Every line in the records below between the one holding "Photo 1 of COCOMELON BABY DOLL TOYS - 2 PACK" and the one holding "Grass Floor Wash Strong ph12", inclusive, is to be set down exactly; all other lines are to be left out.

__DATA FOR THIS TASK__
══════════
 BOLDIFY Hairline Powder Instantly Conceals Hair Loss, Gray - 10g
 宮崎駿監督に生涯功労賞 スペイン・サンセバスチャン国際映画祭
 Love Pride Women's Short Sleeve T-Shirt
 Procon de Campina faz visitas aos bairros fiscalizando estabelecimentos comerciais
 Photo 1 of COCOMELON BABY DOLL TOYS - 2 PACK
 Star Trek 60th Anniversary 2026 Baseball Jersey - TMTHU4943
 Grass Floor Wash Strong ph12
══════════
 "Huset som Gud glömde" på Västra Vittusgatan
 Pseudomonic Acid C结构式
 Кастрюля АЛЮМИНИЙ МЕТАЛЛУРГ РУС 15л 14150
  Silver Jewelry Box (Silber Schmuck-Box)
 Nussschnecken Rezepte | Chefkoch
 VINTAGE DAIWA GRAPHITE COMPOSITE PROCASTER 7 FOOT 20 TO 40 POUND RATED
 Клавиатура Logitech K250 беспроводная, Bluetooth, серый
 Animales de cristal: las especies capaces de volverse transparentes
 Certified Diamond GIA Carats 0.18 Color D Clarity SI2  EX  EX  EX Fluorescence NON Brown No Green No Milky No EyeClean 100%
══════════
__ANSWER TO THIS TASK__
 Photo 1 of COCOMELON BABY DOLL TOYS - 2 PACK
 Star Trek 60th Anniversary 2026 Baseball Jersey - TMTHU4943
 Grass Floor Wash Strong ph12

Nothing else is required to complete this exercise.